How the police can access your digital communications at a protest

The police can access your digital communications. Learn how to limit the risk.

Key points
  • Your digital communications are stored across a variety of locations, including on locally on your device, on a service provider’s systems or by your network provider.
  • The police can gain access to your data through mobile phone extraction, device hacking, cloud extraction or social media intelligence.
  • Limiting the risk of your data sharing starts by controlling the amount and type of information you share.
woman smiling at phone graphic

Where are my communications stored?

  • Text messages/phone calls: Traditional cellphone communications happen over the cellular network. You usually access those with the text message and phone call apps that are provided as standard on your phone. While phone calls aren’t stored anywhere, text messages are stored locally on your and the recipient’s devices. They might also be temporarily stored by the network provider.
  • Messaging apps: Messaging platforms enable fairly secure communication over the internet. Depending on the app you use, your messages might be stored locally on your and the recipient’s phone, on the service provider’s systems, and potentially online too. Some messaging apps also offer backup solutions which will be stored either online or locally. Different messaging apps also rely on different protocols, which means that some messaging apps are more at risk of interception than others.
  • Social networks: Except in rare cases of decentralised/self-hosted systems, your communications on social networking apps will be stored by the service providers.

How can my communications be accessed by the police?

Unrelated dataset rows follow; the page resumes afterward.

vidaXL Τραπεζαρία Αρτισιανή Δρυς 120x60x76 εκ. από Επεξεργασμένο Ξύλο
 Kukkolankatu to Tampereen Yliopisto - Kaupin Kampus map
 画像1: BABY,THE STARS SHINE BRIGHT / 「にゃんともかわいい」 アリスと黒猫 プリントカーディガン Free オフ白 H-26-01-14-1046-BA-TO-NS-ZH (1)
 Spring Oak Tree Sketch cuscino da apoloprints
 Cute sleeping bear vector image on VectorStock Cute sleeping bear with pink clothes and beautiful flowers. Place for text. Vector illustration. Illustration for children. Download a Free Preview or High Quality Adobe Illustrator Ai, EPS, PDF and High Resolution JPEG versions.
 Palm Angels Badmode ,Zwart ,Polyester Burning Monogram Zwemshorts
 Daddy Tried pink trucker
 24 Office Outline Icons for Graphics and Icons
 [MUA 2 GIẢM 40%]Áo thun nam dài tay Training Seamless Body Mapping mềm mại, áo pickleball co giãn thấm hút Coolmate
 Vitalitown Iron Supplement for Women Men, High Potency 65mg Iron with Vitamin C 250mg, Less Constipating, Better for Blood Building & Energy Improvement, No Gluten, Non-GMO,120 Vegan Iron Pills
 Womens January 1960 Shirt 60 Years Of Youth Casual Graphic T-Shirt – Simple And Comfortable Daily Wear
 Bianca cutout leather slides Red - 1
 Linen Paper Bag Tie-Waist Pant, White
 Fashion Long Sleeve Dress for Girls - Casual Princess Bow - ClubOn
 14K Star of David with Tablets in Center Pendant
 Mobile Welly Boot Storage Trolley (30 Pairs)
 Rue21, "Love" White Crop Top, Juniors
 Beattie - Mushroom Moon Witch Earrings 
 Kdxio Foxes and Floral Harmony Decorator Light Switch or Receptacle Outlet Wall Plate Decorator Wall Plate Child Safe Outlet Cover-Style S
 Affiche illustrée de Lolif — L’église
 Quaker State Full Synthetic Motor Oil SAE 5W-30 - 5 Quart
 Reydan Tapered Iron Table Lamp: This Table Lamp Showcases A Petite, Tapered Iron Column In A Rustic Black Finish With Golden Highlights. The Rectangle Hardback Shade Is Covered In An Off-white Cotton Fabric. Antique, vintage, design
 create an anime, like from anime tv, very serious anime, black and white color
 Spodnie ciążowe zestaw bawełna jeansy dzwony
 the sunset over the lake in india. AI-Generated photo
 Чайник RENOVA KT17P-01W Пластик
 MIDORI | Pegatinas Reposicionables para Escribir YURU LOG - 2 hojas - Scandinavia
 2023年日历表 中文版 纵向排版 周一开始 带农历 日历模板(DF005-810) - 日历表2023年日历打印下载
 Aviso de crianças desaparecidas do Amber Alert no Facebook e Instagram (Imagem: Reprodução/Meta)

There are a few ways the police can gain access to this data, depending on where you have it stored:

  • Accessing the communications stored on your phone (such as your conversations in a text messaging app) can be done through a ‘mobile phone extraction’ device, which can be connected to your phone to download all the data stored on it.
  • Such access may also be possible with device hacking, a technique which may not require physical access to your phone.
  • If your communications rely on a service provider or a social network (such as Messenger, Telegram, Instagram, TikTok), the police can gain access through ‘cloud extraction’ technologies, without your consent or knowledge. The same technique can be used to access backups of your communication (e.g: WhatsApp backups on Google Drive/iCloud).
  • If some of your communications on social networks are public (e.g. shared on an open Facebook group), the police can also use Social Media Intelligence (SOCMINT) tools to access them.
  • Your text messages and phone calls can be intercepted, recorded and interfered with by the police using an ‘IMSI catcher’, a device deployed to track all mobile phones switched on and connected to the network in a specific area.
  • Your text messages can also be accessed through a legal process targeting your service provider. Similar legal processes can be used to request data from companies that might host your communications (e.g.: Facebook).

How to limit the risk of your communications being accessed

  • Limiting the risks starts with controlling the amount and type of information you share, with whom and through which medium.
  • When sharing very sensitive information, consider meeting in person.
  • If meeting in person is not an option, given the low security of cellular networks, consider the use of secure channels such as end-to-end encrypted messaging apps to share sensitive information.
  • But do bear in mind that if you use cloud backup for any of your messaging apps, the content could still be accessed using cloud extraction tools.
  • Verify the identity of protestors you are communicating with through a different communications channel (e.g. messaging them on another platform, or over encrypted email, or over a voice or video call).